**ACTIVITY:** In the records below, locate the line containing "Narva 12V Boat", then extract it and all following lines exactly, ending with the last line.

**PROVIDED INFORMATION:**
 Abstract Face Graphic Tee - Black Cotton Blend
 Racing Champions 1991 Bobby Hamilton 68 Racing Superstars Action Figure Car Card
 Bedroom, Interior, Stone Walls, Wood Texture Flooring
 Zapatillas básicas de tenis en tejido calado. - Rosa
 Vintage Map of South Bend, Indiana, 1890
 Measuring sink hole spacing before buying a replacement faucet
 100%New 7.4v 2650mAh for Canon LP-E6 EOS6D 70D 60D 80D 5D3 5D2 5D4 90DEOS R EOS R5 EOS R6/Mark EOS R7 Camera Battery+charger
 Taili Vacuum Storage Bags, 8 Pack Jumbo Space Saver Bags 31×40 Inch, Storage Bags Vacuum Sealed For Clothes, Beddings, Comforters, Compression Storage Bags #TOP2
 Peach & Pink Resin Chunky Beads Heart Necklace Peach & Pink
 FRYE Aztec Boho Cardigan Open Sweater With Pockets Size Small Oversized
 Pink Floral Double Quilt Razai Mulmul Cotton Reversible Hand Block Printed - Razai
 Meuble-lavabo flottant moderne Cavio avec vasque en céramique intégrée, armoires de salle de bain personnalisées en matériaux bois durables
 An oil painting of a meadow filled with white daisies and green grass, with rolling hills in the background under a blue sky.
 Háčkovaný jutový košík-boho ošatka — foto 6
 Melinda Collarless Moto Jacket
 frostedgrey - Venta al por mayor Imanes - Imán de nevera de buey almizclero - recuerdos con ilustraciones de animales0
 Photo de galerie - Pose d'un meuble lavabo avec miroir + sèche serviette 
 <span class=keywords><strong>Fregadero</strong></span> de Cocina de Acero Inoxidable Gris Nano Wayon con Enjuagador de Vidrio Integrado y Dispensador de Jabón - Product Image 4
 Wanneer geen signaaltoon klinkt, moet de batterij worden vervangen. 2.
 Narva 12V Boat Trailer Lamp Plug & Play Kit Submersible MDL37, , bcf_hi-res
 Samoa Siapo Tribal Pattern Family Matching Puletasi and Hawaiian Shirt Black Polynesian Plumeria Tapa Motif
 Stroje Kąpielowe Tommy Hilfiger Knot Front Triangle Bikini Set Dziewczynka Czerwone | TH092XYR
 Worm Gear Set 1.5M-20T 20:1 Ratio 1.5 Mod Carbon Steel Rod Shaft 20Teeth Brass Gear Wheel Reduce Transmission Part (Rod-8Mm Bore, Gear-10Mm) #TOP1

**RESULT OF THE TASK:**
 Narva 12V Boat Trailer Lamp Plug & Play Kit Submersible MDL37, , bcf_hi-res
 Samoa Siapo Tribal Pattern Family Matching Puletasi and Hawaiian Shirt Black Polynesian Plumeria Tapa Motif
 Stroje Kąpielowe Tommy Hilfiger Knot Front Triangle Bikini Set Dziewczynka Czerwone | TH092XYR
 Worm Gear Set 1.5M-20T 20:1 Ratio 1.5 Mod Carbon Steel Rod Shaft 20Teeth Brass Gear Wheel Reduce Transmission Part (Rod-8Mm Bore, Gear-10Mm) #TOP1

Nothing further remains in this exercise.